The catalogue tool is responsible for generating the search database file. It runs from the command line on the server, but the CMS described previously has the capacity to securely invoke batch files that run on the server, through it's client application. Such batch files are easily configured to use the catalogue tool, and both generate and update the search database.
The console tool is a very simple debugging facility. It merely allows the user the ability to read, and particularly search, the database without the need to access the database through a web page. In normal circumstances it does not need to be used. It can be useful at the early stages of setting up a website, to determine the sort of information one naturally finds in the search database, that may or may not actually be required. Clearly with such a dynamic capability one can tailor ones templates to refine the information that is actually catalogued.
The search tool is an IIS ISAPI module which is capable of reading the search database. It performs search on the basis of a simple CGI query that one might submit in the form of an HTTP Get or Post operation, using an HTML form. It has it's own very simple templating scheme which allows the detail of a search response page header/footer to be described. The search module is directly responsible for formatting search output. The search module loads the search database when it is first called, and subsequently uses this database for any future searches. There is a loose link provided between the catalogue and search tools. This merely provides a scheme where the search tool can be forced to reload it's database under the instruction of the catalogue tool, where perhaps the search database has been updated.

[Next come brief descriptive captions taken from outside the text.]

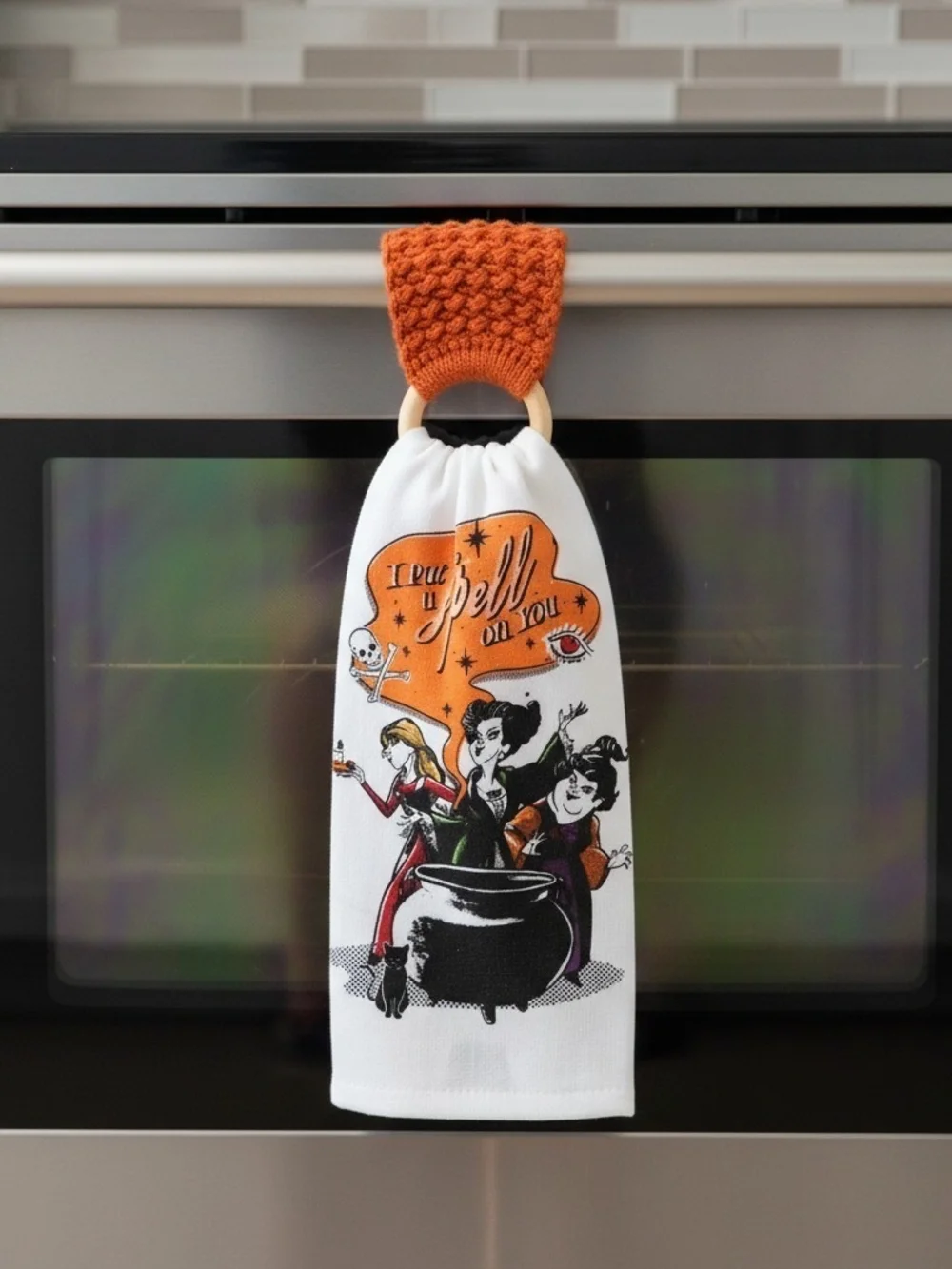 Disney Hocus Pocus Dish Towel & Handmade Crochet Towel Holder NWOT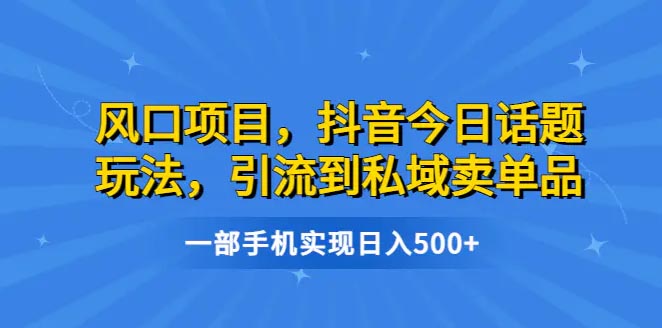 抖音今日话题玩法，引流到私域卖单品，一部手机实现日入500+-梧桐有术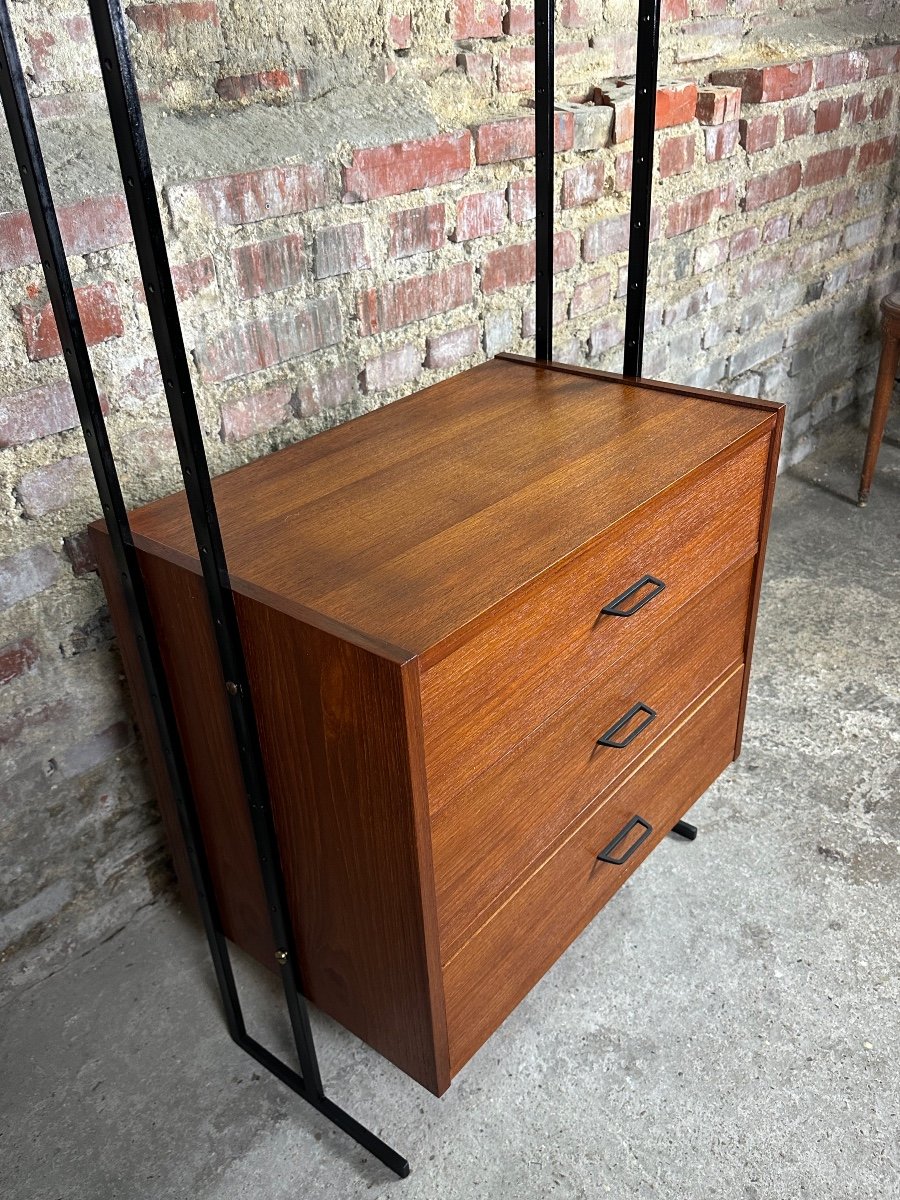 Bookcase Scandinavian Modular Storage Unit In Teak 1960-photo-4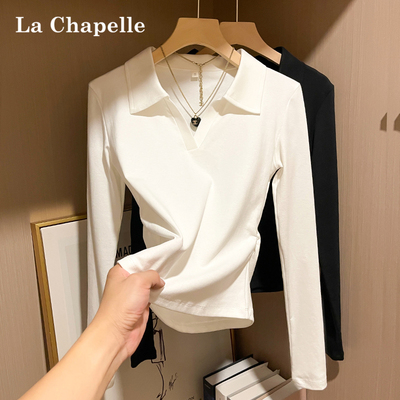 拉夏贝尔Polo领打底衫女长袖T恤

The database file is a privately defined format. It is generated by the catalogue tool, and operates on the basis of an initial URL. When invoked the catalogue tool will access the internet and retrieve the page presented at that URL. The search tool will then parse that page and separate out both the links and the text information of that page.
Some links like those of image data are discarded and others like links to different pages or referenced text information are retained.
The text information from a page is built into a digest, and then scanned such that each word is placed into a dictionary within the database. Each dictionary entry links to each of the page digests that were used to define it. The digest is compressed using a private compression algorithm, similar to the popular LZW. The compressed digest is added to the database along with the dictionary.
Finally each of the extracted links from the page is tested, and processed in similar way. The catalogue tool is not capable of indexing the whole of the internet, although it would try if it was allowed to. For this reason the tool takes instructions, at invokation, on single URL components to avoid and also URL components that must be present to allow cataloguing to take place. A mechanism is provided to strip session information from URLs that are parsed. In addition it is possible to place comments with specific guide text into any page that the cataloguing tool will exclude from any digest or list of links.
When a search query is made, the database dictionary is queried for matches from the query string, and then a probabalistic approach to sorting and truncating search hits is used. Once this list of results is formed, the associated digests are extracted from the database and decompressed. The digest is inspected for the word positions of each of it's query string matches, and again a probabalistic approach is used to trim the digest to the most appropriate section for display. Once all of this information is gathered the results section of the search page is formatted, and the headers and footers appended.
|